NDA sites’ cost rise factors emerge

20 November 2007


Nuclear site cost increases at Dounreay and Sellafield have been outlined following publication of the Nuclear Decommissioning Authority’s (NDA’s) draft three-year business plan.

NDA chief executive Ian Roxburgh said that “operational difficulties” at Sellafield, in northern England, have put back timescales for defuelling the Magnox power plants.

Future spending is to be centred on the high hazard sites – Sellafield, and Dounreay, in northern Scotland.

Publication of the plan was followed by news that three NDA directors are moving on and being replaced by four new directors to the board.

The NDA budget for the next three years will be £8.5 billion, an increase of £671 million compared to the last three years. This is due in part to the UK government requirement that costs are calculated at a 2.2% per year discounted rate.

A spokeswoman for the NDA said the authority’s annual report had stated that cost estimates have risen to £72.7 billion (undiscounted), which is £7.9 billion higher than the previous estimate.

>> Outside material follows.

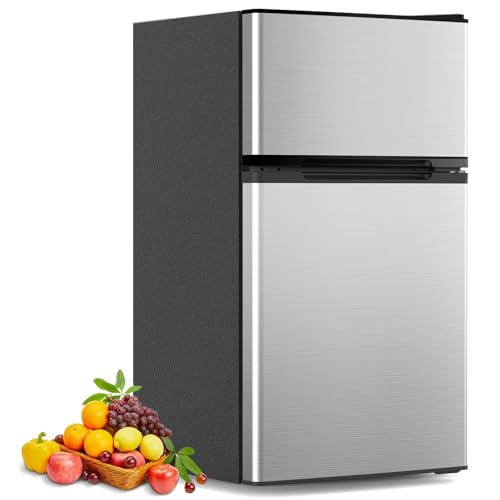 COWSAR 3.2 Cu.Ft Fridge with Freezer, Double Door Compact Refrige for Bedroom, Adjustable Thermostat, Energy-efficient Low Noise Small Refrigerator For Dorm, Office, Bar, RV, Commercial by COWSAR - Used condition - US$178.00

“Much of this increase is due to improved characterisation of contaminated land and plans for dealing with the higher hazard legacy facilities at Sellafield and Dounreay. Although we expect cost estimates to rise further before they stabilise, a central part of our mission is to deliver year-on-year cost savings through driving efficiency and improved performance through competition,” she said.

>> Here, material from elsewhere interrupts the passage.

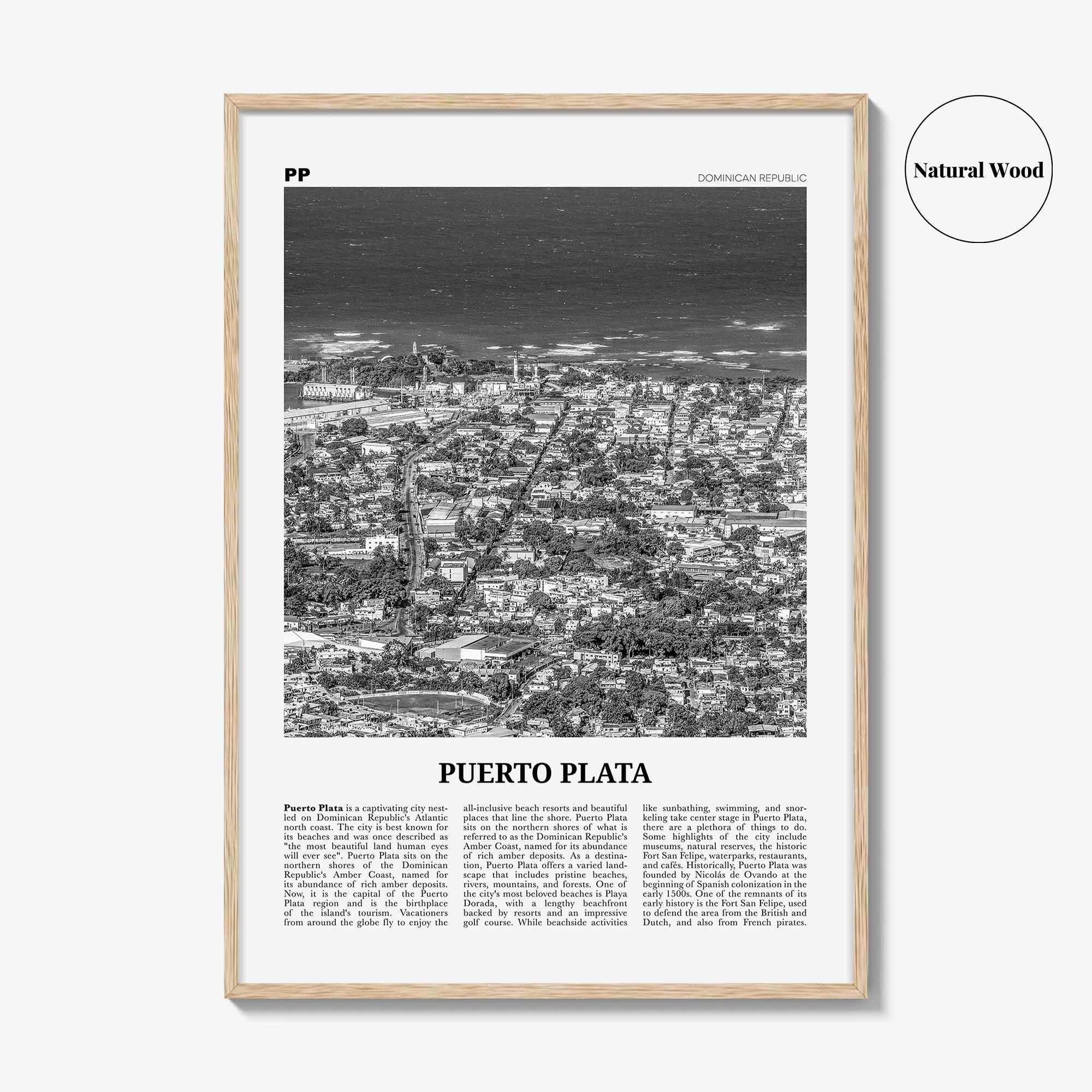 Puerto Plata Print Black and White, Puerto Plata Wall Art, Puerto Plata Poster, Puerto Plata Photo, Puerto Plata Décor, Dominican Republic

She also pointed to the reduction of high active liquor at Sellafield, which should reach 25% volume reduction by 2011, and demolition of the Windscale pile stack and Sellafield separation area ventilation stack.

A UKAEA spokesman outlined site-specific issues at Dounreay which led to some of the cost increases and said that the majority of Dounreay cost increases are due to the 2.2% per year discounted rate requirement.

On that basis, the lifetime cost for site closure has increased from £2.091 billion to £2.694 billion. The Dounreay issues also include improved estimating of costs in later years and identification of gaps in previous plans.

Also, a store for nuclear fuel and materials has been added. It was originally assumed this material would go to a UK fuel store in the 2020s but because there is no formal agreement to hand over the nuclear material, Dounreay has included this new provision.

The current cost estimate for intermediate-level waste (ILW) is now based on a longer period of storage. The timetable for disposal to a repository was rescheduled, requiring ILW storage at Dounreay for 10 years longer than previously planned.

But since this change, the Scottish government has opted for ongoing storage rather than a deep repository. This will affect the next cost plan currently being prepared for Dounreay.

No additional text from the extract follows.